You are viewing a plain text version of this content. The canonical link for it is here.
Posted to dev@ambari.apache.org by "Ximo Guanter (JIRA)" <ji...@apache.org> on 2014/04/15 12:36:14 UTC
[jira] [Updated] (AMBARI-4930) Ambari initialization problems after upgrade to 1.4.1

     [ https://issues.apache.org/jira/browse/AMBARI-4930?page=com.atlassian.jira.plugin.system.issuetabpanels:all-tabpanel ]

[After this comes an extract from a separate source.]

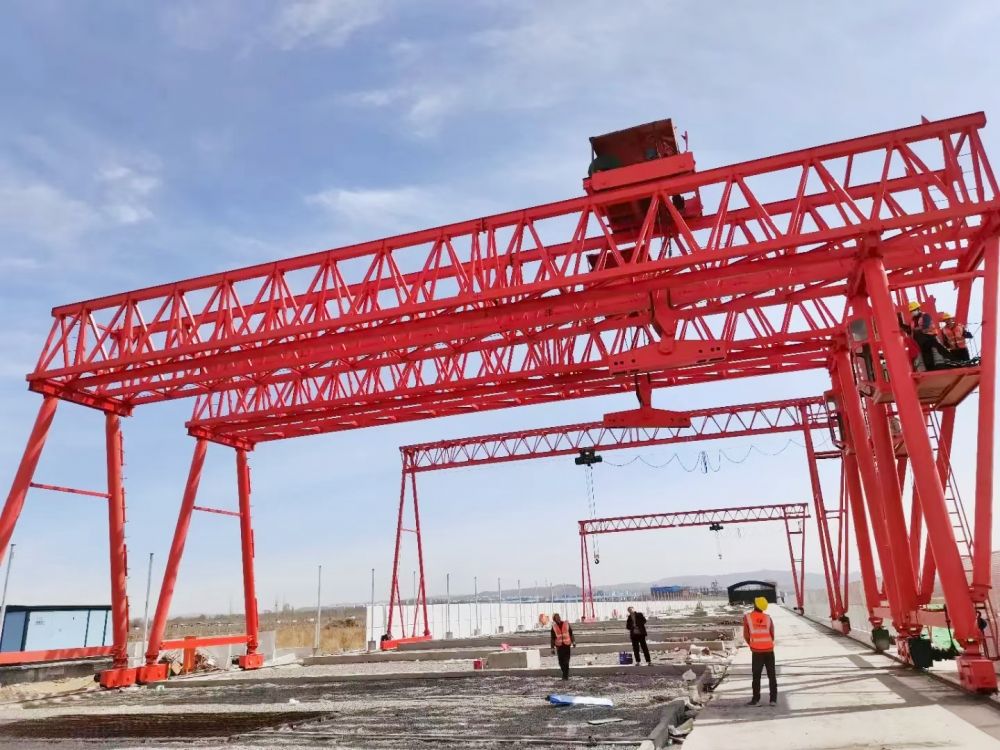 路橋門機(jī)、提梁機(jī)、梁場(chǎng)龍門吊、雙梁門式起重機(jī)設(shè)計(jì)制造、安裝維修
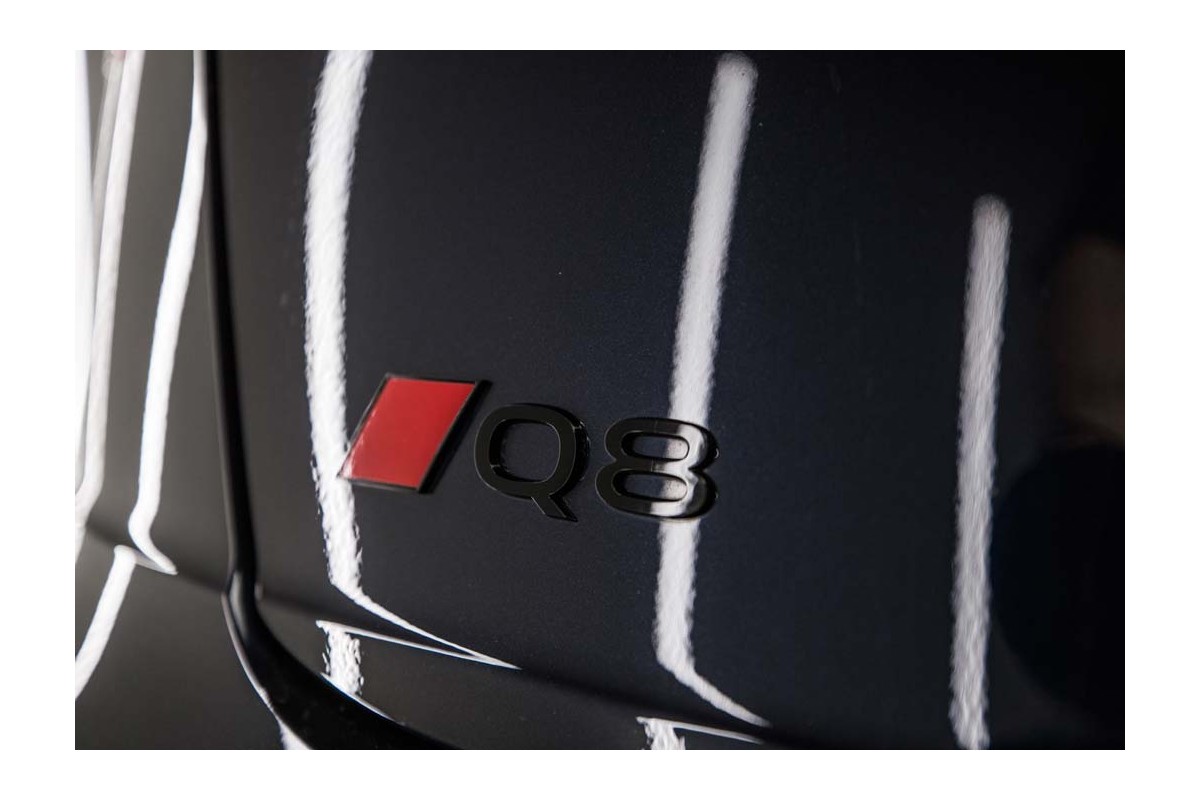 AUDI Q8 S line 50 TDI 210kW quattro... AUDI Q8 S line 50 TDI 210kW quattro...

Ximo Guanter updated AMBARI-4930:
---------------------------------

    Attachment: AMBARI-4930-1.patch

It seems like the cluster initialization cannot be run at the same time as the heartbeat monitoring process. Just moving the line that starts the heartbeat monitoring process after cluster initialization seems to solve the problem (see AMBARI-4930-1.patch).

Not that this should be the final fix for this issue, since both the heartbeat monitoring process and cluster initialization should be able to be run at the same time, but the attached patch provides a workaround that unblocks this issue.

My uneducated guess is that the root problem might be in the locking mechanism of ClusterImpl.java, but I don't have a deep enough understanding of the different classes and locks pinpoint the root cause.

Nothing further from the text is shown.